How the Indian affordable car innovation Tata Nano could’ve had happier times: Why it flopped

With one unit built last month, and only three sold, does this mark the end of the Tata Nano or could it see a metaphoric rise from the ashes in a new electric avatar? Read more to find out!

By: | Updated: July 5, 2018 5:47 PM
Ratan Tata and Narendra Modi, at the Sanand Plant as the first Tata Nano rolled off the line.

 

Little more than a decade since its debut at the 2008 Auto Expo, Tata’s car for the people is fading away into oblivion with just one unit of the Nano being built in June 2018. While Tata Motors still stands by the Nano, the decision as to whether the Nano should continue production or not is still left hanging. The fact that Tata only sold only three Nano cars in June 2018 as compared to 167 in the same month last year testifies Nano’s terminal condition. The story continues in International markets where demand for the Nano has dwindled so severely that not even one unit of the Nano was exported this year. Tata Motors responded to PTI with a statement saying that they are well aware of the Nano’s inevitable demise by 2019, unless bolstered by fresh investments. That said, there has been no clear decision in this regard. The Spokesperson further insisted that Tata would continue, in the meanwhile, to cater to “key markets”, although no key markets have been specified.

Even with the added premium and renewed dynamics the GenX Nano still failed to impress an aspiration market

The Nano, which just could not live up to the hype that surrounded it ahead of its launch, was plagued by initial quality concerns and incorrect marketing strategies that ultimately led to the Nano’s current disposition.

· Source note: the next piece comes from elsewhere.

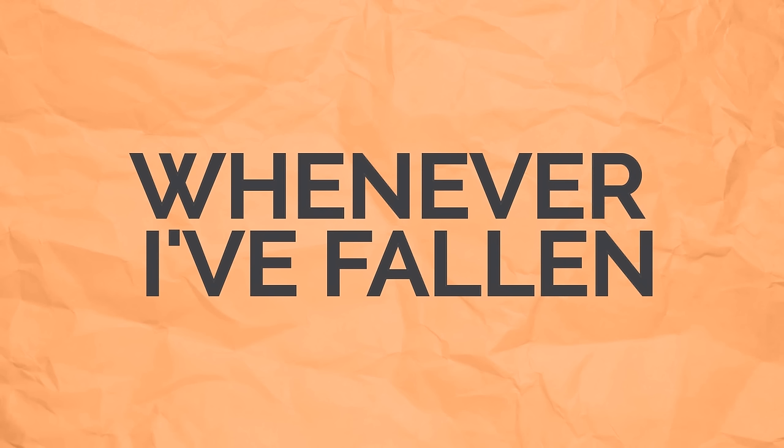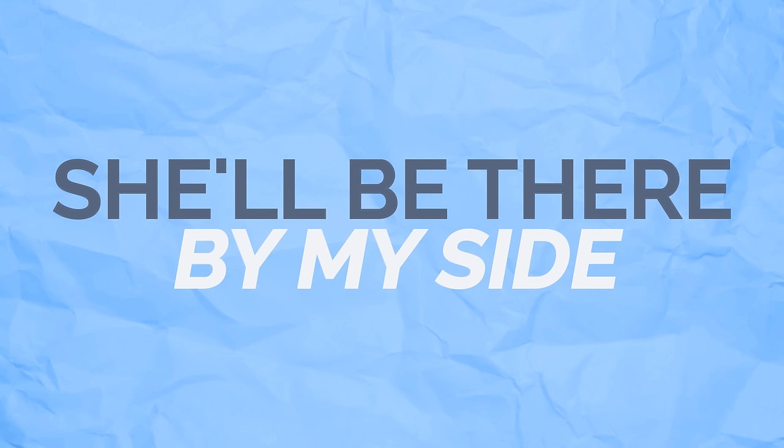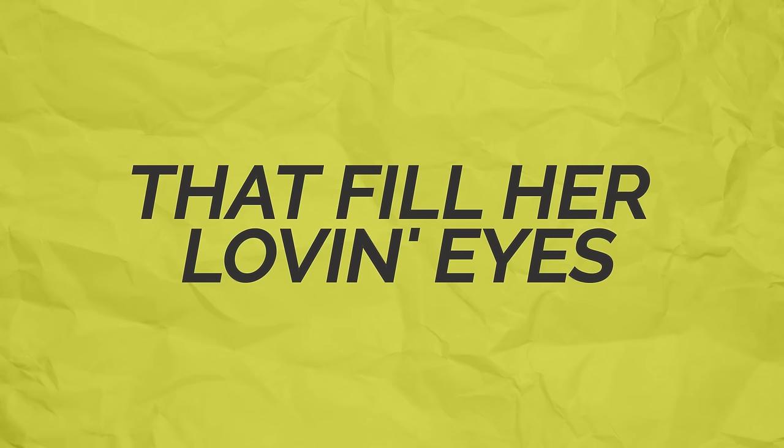She's always been there for me whenever I've fallen. When nobody else believes, she'll be there by my side. I don't know how she takes it, just once I'd like to make it.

The largest problem was the ‘Cheapest Car’ tag that it was known as. The strategy failed miserably at changing or correcting this consumer perception, setting the benchmark for how not to market a car in an aspirational and young market like India. Whatever little was left of public interest, went up in flames as word of the Nano catching fire spread. The Nano was and is a safer car than a few other small hatchbacks but its design created the general misconception of it being unsafe and once again the marketing department could do little to correct this perception.

Also Watch our video comparo of between the Tata Nexon and the Maruti Suzuki Vitara Brezza:

However, things could have been quite different for the Tata Nano in our opinion. The Tata Nano had the makings of a smart city get-about that was easy to park, economical to own and safe to drive. In our opinion, Tata should have cut its losses early on and should have re-launched the Gen-X Nano with a completely overhauled motor and new branding. This should have been complemented with a premium-ish brand re-targeted at city-dwellers looking for a second car rather than targeting the two-wheeler user.

The Nano then is bound to meet an end, the question remains as to whether this is the last that we will see of Ratan Tata’s dream project? We think otherwise. The Nano might still rise from the ashes, in the form of an electric car branded as the Jayem Neo. A result of Tata’s strategic alliance with Jayem Automotive, a long standing R&D partner of Tata that was responsible for a slew of Tata based performance machines like the V6 powered Tata Indica Silhouette and the Super Nano. Jayem will also be responsible for the soon to launch Tata Jayem Tata Performance badged Tigor and Tiago.

Can a Jayem Neo pick up where the Nano left off, and continue Ratan Tata’s dreams of building a car for the people. One will have to wait and see, a conversation with our sources at Jayem Auto revealed that the Neo is still very much on schedule. As battery costs come down and the government continues its drive towards promoting and subsidizing electric cars, the Neo might be a strong contender in India’s electric future.